Too bad she couldn’t have undone the damn cuffs, but a man worked with what he had.

“She’s going to make you pay,” Lei said.

Summers leaned, in whispering. “Two shots forty-five up and at your six.”

The world slowed as his training took over. Calm was needed. The adrenaline was a rush, but if it wasn’t accompanied with an almost Zen-like calm, then he was nothing more than an animal fighting for survival, and he wanted to be more.

He wasn’t an animal. He was an artist.

The minute Summers moved back, he brought his hands up forty-five degrees from his spine and straight back. He didn’t need to see to shoot. He pulled the trigger twice as the world around him exploded in gunfire.

Summers brought up her assault rifle, quickly taking out the two men in front of her.

Ten whirled around, kicking out and catching Lei with his mouth hanging wide. The operative brought his rifle up but stumbled back as Summers took him out.

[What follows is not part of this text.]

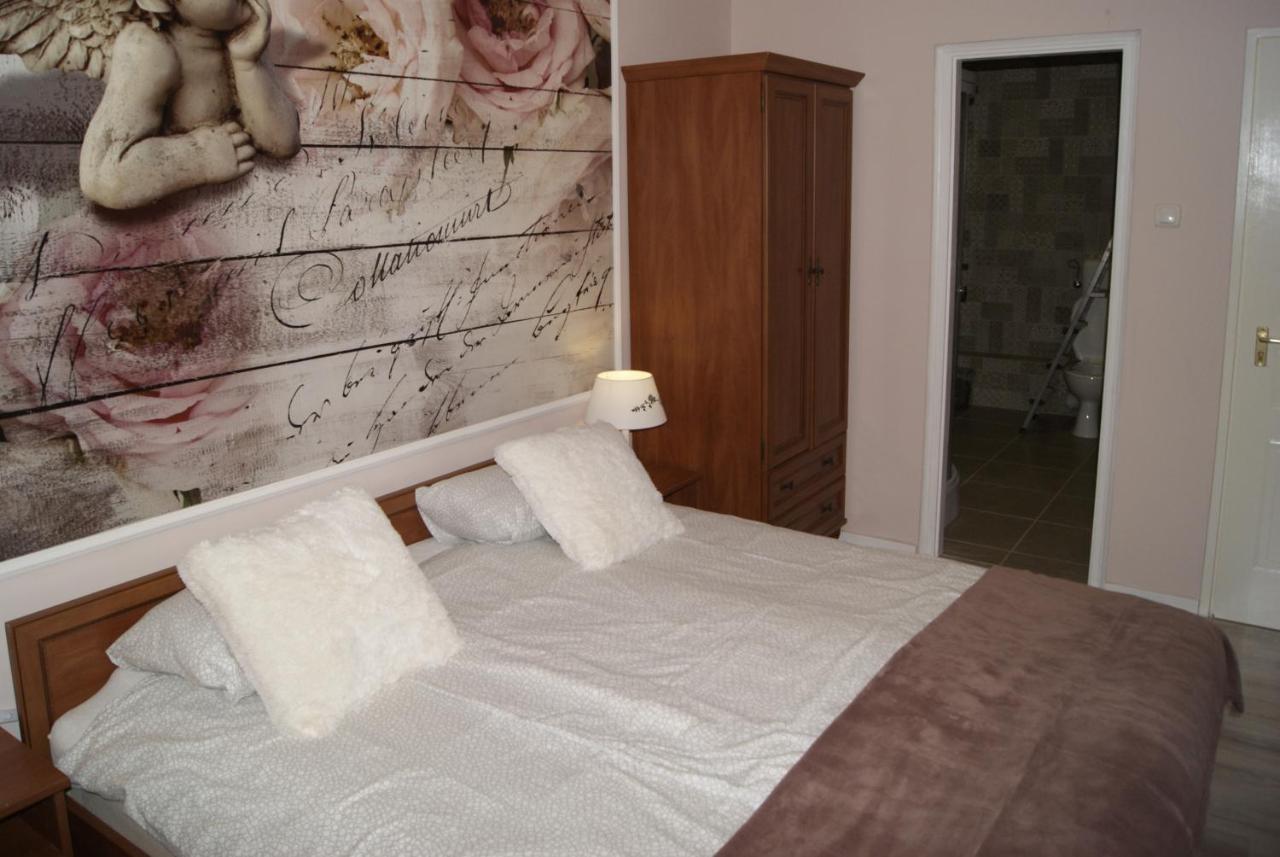 Hotel Gyula Panzio Extérieur photo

The jungle was suddenly overbearingly silent.

“I want a f*cking hot dog.” Summers put a hand on her hip and her dark eyes narrowed. “I want a hot dog that I know is made of beef and not some weird found-it-in-the-street beef or someone’s kitty cat. More than that, I want some freaking iced tea. Is that too much to ask? A little ice. A little sugar. And a taco. I miss tacos and goddamn margaritas.”

Kayla Summers wanted to come home.

“I will throw you a coming home party you won’t ever forget, Kay. I promise. I’ll spring for some barbecue if you’ll get these cuffs off me.”

She frowned at him. “So you can go after that girl?”

“So I can go after my fiancée.”

“Holy shit. Hang on. This * had the keys.” She kicked Lei’s corpse and said something in Cantonese that Ten thought was the equivalent of calling the man a limp dicked penis head who couldn’t find a clitoris with a compass. But he was rusty. It could have been a very nice good-bye. Summers quickly had him out of the handcuffs and then was going through the dead man’s wallet. “So you’re getting married. That’s awesome.”